I’ve never been that much of a gamer, except with the puzzle and RPG apps on my phone. The beeps and explosions coming from the arcades combine with the clacks and thuds of the leafpock action behind me to create a cacophony that complements the genial atmosphere.
Corbin’s avatar, a muscle-bound woman with a chain whip, is lashing over and over at Penelope’s avatar, an equally ripped dude armed with two swords. The game’s over once Penelope blocks a hit from Corbin’s whip, then counters with a sweep of her swords. Corbin’s avatar lurches into the air and blinks red, then dissolves into a pile of dust on the grass. “TRIUMPH!” a voiceover proclaims at the same time that TRIUMPH!!! flashes on the screen, complete with the trio of exclamation points.
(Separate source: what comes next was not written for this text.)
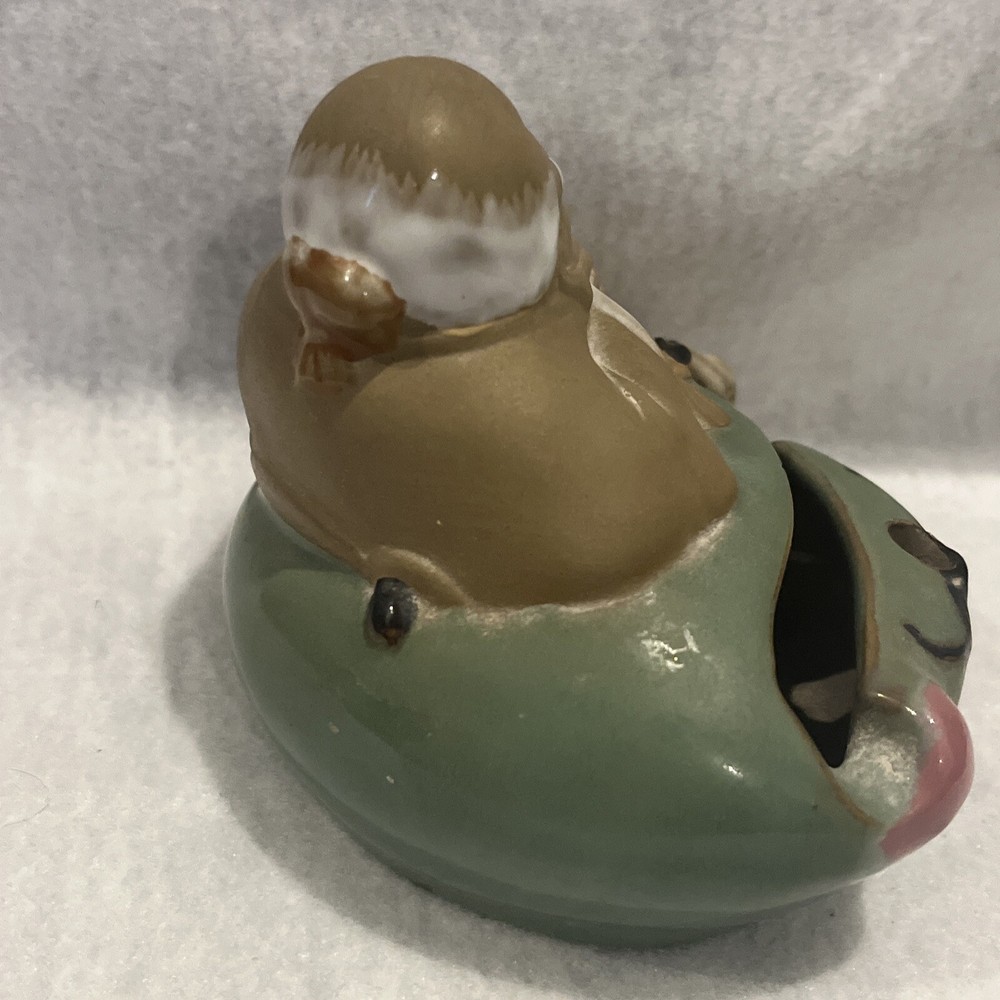 Vintage Chinese Mud Man Wise Man Insence Burner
Penelope’s avatar does a cringeworthy happy dance, and unfortunately Penelope sees fit to perform it in real life, which makes Corbin shake her head in disbelief and amusement.
Then the Thistle sister looks back at me, raises her eyebrows and says hi, and Penelope whirls in my direction, greets me with a boastful smirk on her flushed face. “Hey dork, I hope you saw me completely whup Corbin’s ass.” She’s wearing espadrilles, baggy black trousers, and a shirt advertising the Archkeepmovie franchise beneath her black cardigan. It won’t shock me one bit if that prall pin starts dancing on her bun.
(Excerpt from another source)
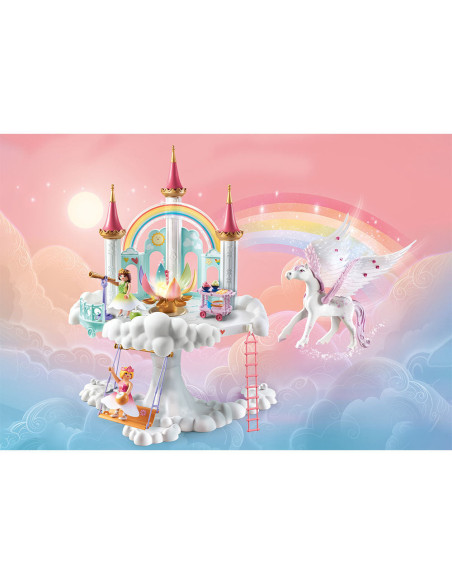 PM71359,Playmobil - Castelul Curcubeu In Nori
“Good job. But actually, I saw both of you whupping each other’s asses.”
Penelope stops mid-victory-jig to glare at me, as if I coughed in her face. “Sure, but I’m the fucking winner, so what does it matter?”
I look at her for another moment, then turn to Corbin. “How’s Gene?” She’s in chic ballet flats, sheer gray tights, a knee-length floral skirt, and a pine-green pinstriped blouse that goes well with the emerald fangs on her ear, her drawstring pouch and its ouroboros badge faithful buddies on her back.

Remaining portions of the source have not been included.